Most mornings at home begin with me sharing a cup of piping-hot tea with my mother as she cooks up a storm in the kitchen. It is her safe space, and has seen several conversations and debates about everything under the sun, that are kept going with an endless supply of biscuits or other homemade snacks and sweets.
A second school of sorts, the kitchen was also where I learnt some of the most important lessons of life and one of them was that the action of eating is meant to be more than just an act, but an experience.
Everytime she would cook something special, she would insist upon some patience. While I would want to gobble it all up, she would ask me to pause, and try eating with my senses in the order of sight, smell, touch, sound and taste.
And the first sense, or sight in this regard would hold considerable significance. Because, way before the trend of instagrammable food began, she was a true believer of the power of sight in the action of eating.
And she, as usual, knew best. There are a few special traditional Indian delicacies that blur the lines between food and art, and are truly too beautiful to eat.
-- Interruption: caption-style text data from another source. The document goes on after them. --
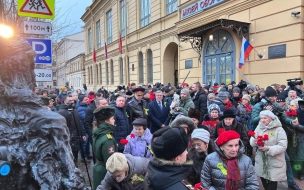 В Соляном переулке открыли памятник блокадному медику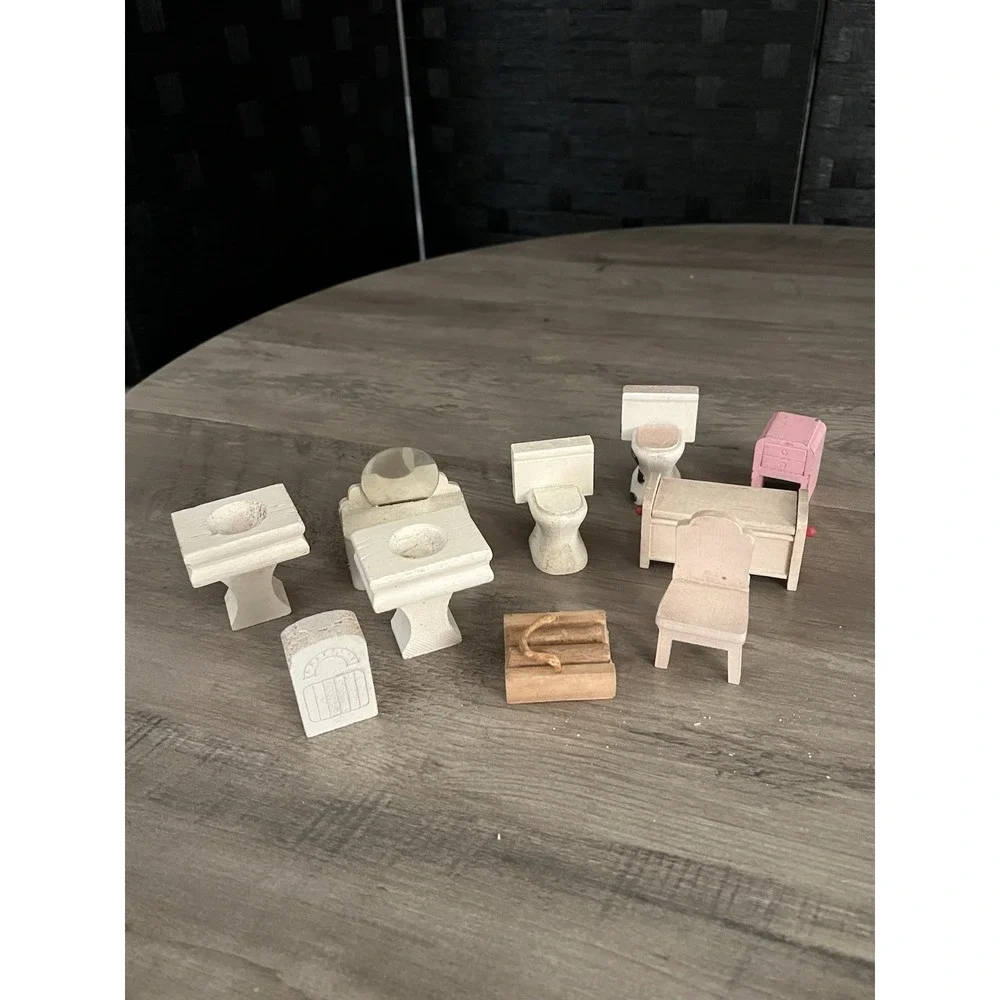 10 pc Set of Vintage Dollhouse Furniture Toilets Sinks More Fair To Good Cond.‎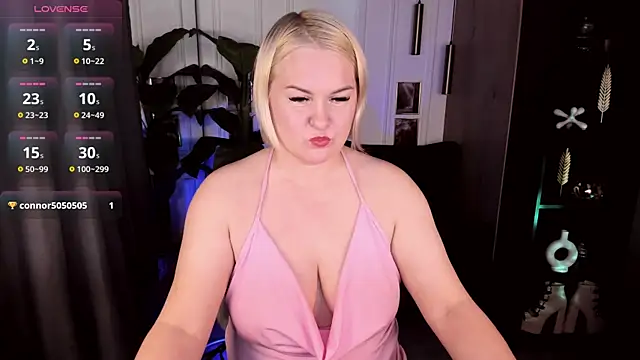 Snapshot of YolandaKiss chatting on 07-13-26, 10:31 YolandaKiss online show from 07-13-26, 10:31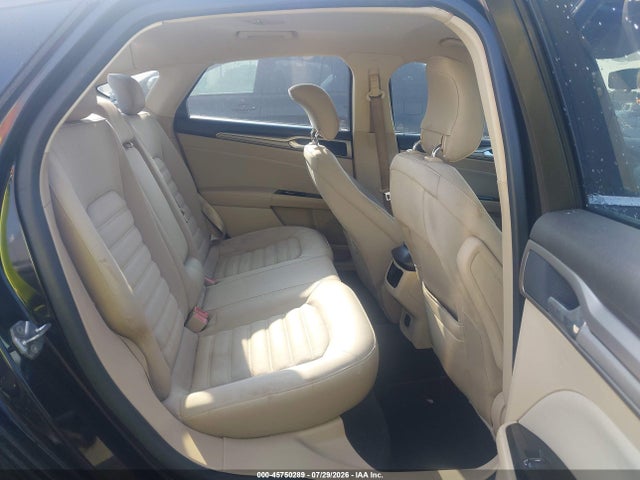 صورة 8 لـ 2014 FORD FUSION SE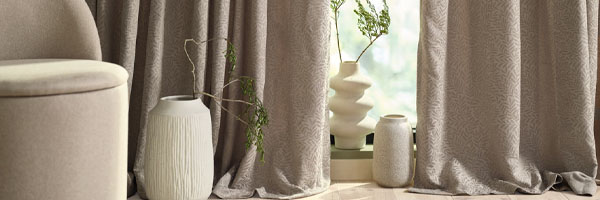 Teljes körű útmutató függönyökhöz és rolókhoz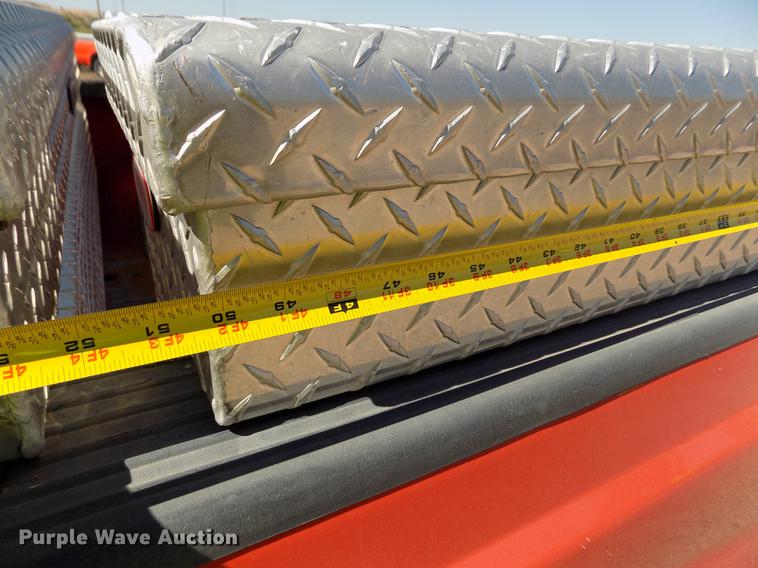 image for item DD5890 2006 Ford F250 Super Duty XL pickup truck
Here are some of them:
1. Nakshi Pitha
An intricately carved rice cake, this traditional dessert originated in the rural parts of undivided Bengal and mimics floral motifs that are abound in artistic expressions like alpana (rangoli) or embroidered quilts also known as kantha.
The name ‘nakshi’ comes from nakshi kantha, a rural artform of embroidering fabric used both for wearables as well as decor.
This delicacy is made from a dough of rice flour that is rolled out and strenuously carved into designs of creepers, flowers and plants, using needles, hairpins, date thorns, twigs etc. One can either deep fry the rice cakes and dip in sugar syrup, or can even let them dry and store for later use.
From weddings, harvest festivals to Bengali New Year celebrations, Nakshi Pitha is a constant culinary reminder of Bengal’s artistic past that was once heavily dominated by women’s folk art.
2. Imarti or Jangiri
Jalebi’s sophisticated cousin, Imarti or Amriti or Jangiri is extremely popular all across India, not just for its sugary brilliance but also the visual appeal.
Made by deep-frying in desi ghee or oil, this sweet is made from a thick liquid batter of black gram flour that is piped into thin circular flower-like motifs through a stitched cloth. Once fried it is then dipped in sugar syrup and left to expand.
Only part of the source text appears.